Son vuestros precursores; no cedáis nunca a la fácil tentación de pensar que la misión comienza con vosotros, sino apoyaos sobre lo mucho que os dejaron estos vuestros hermanos antepasados. Sean también, muchos de ellos que hoy contemplan la faz de Dios, vuestros intercesores.

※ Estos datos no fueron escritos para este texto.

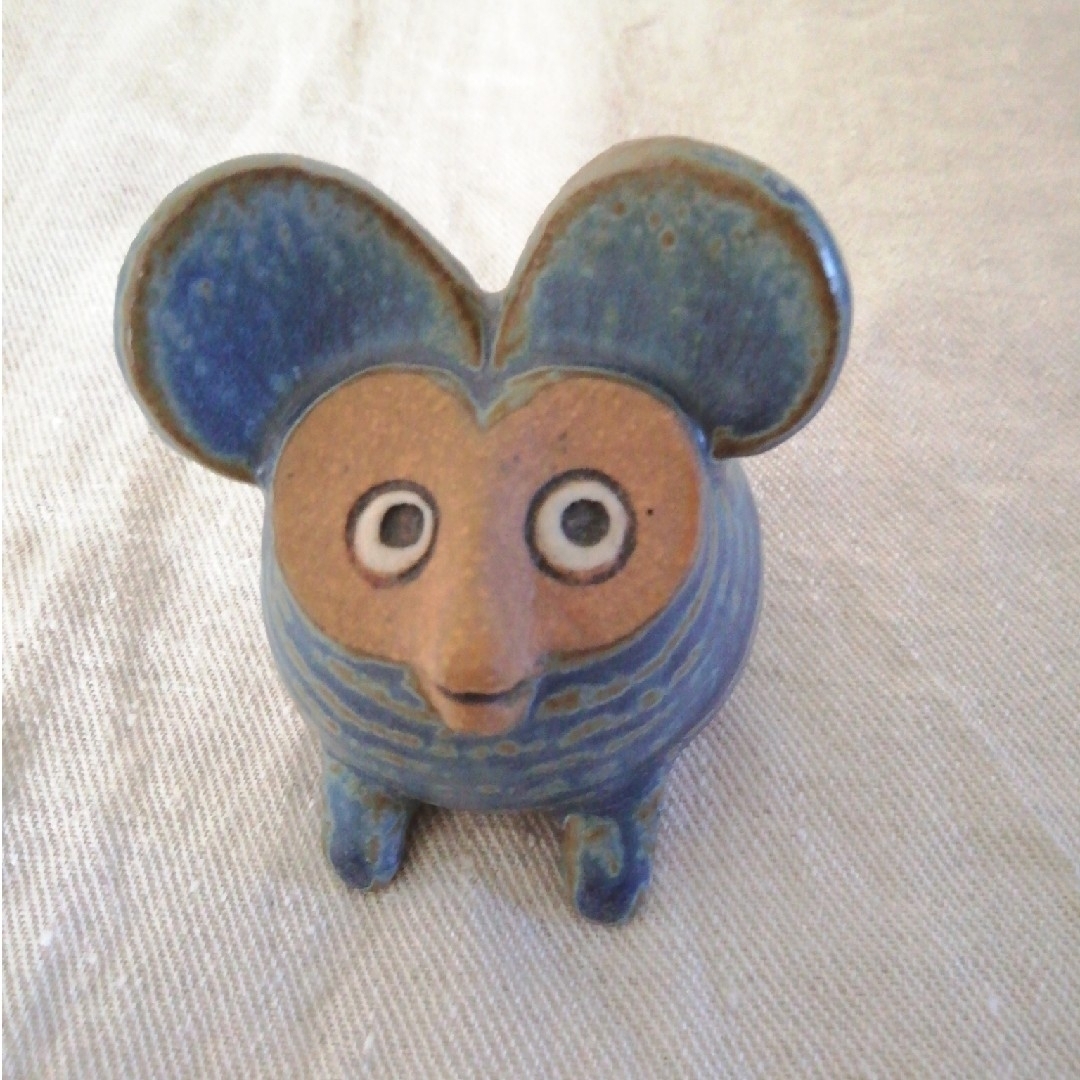 希少】リサ・ラーソン おばけネズミ 美品 ／置物 リサラーソン ネズミ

Entre ellos, algunos recibieron la gloria de los altares, como los Mártires de Río Grande y, hace unos días, el Beato José de Anchieta, a quien va nuestra veneración. Otros, escondidos a los ojos de los hombres, encuentran en la luz de Cristo resucitado el premio de sus sacrificios. Que consigan ellos de Dios, para vosotros, el valor en las horas sombrías, la alegría de servir con amorosa generosidad y, sobre todo, la fidelidad que os haga no mirar hacia atrás, sino caminar siempre atraídos por el Señor, que un día ha de deciros al atardecer: "Ven, siervo bueno y fiel, entra en el gozo de tu Señor" (Mt 25, 21). Será ésta la palabra definitiva, premio de vuestros trabajos, síntesis de vuestra vida.